» **Input material**:

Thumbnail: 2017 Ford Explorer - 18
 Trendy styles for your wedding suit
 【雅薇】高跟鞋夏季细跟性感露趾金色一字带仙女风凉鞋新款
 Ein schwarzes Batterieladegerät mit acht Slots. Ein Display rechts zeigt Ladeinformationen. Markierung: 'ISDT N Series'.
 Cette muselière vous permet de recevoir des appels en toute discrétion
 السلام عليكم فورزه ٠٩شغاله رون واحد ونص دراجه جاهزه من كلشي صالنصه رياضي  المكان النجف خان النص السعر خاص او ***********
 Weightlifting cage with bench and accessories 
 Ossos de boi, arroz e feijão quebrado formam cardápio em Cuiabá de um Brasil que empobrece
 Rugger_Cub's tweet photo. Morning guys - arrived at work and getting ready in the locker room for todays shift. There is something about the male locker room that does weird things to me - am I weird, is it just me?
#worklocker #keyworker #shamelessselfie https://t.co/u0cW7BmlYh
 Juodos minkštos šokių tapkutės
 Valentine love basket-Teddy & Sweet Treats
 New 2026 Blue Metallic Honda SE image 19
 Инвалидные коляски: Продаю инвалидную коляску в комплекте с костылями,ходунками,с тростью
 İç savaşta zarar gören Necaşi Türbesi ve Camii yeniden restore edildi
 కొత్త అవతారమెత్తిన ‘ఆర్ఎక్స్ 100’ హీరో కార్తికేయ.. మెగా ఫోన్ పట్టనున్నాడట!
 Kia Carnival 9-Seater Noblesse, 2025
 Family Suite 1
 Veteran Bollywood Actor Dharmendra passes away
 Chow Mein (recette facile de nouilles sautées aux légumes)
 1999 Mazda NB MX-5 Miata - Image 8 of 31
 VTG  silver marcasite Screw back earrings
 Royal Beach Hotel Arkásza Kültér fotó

» **Problem to work on**: Please retype, with no changes, the lines that run from the first line of the entries to the line with "Cette muselière vous", both ends included.

» **Written answer**:
Thumbnail: 2017 Ford Explorer - 18
 Trendy styles for your wedding suit
 【雅薇】高跟鞋夏季细跟性感露趾金色一字带仙女风凉鞋新款
 Ein schwarzes Batterieladegerät mit acht Slots. Ein Display rechts zeigt Ladeinformationen. Markierung: 'ISDT N Series'.
 Cette muselière vous permet de recevoir des appels en toute discrétion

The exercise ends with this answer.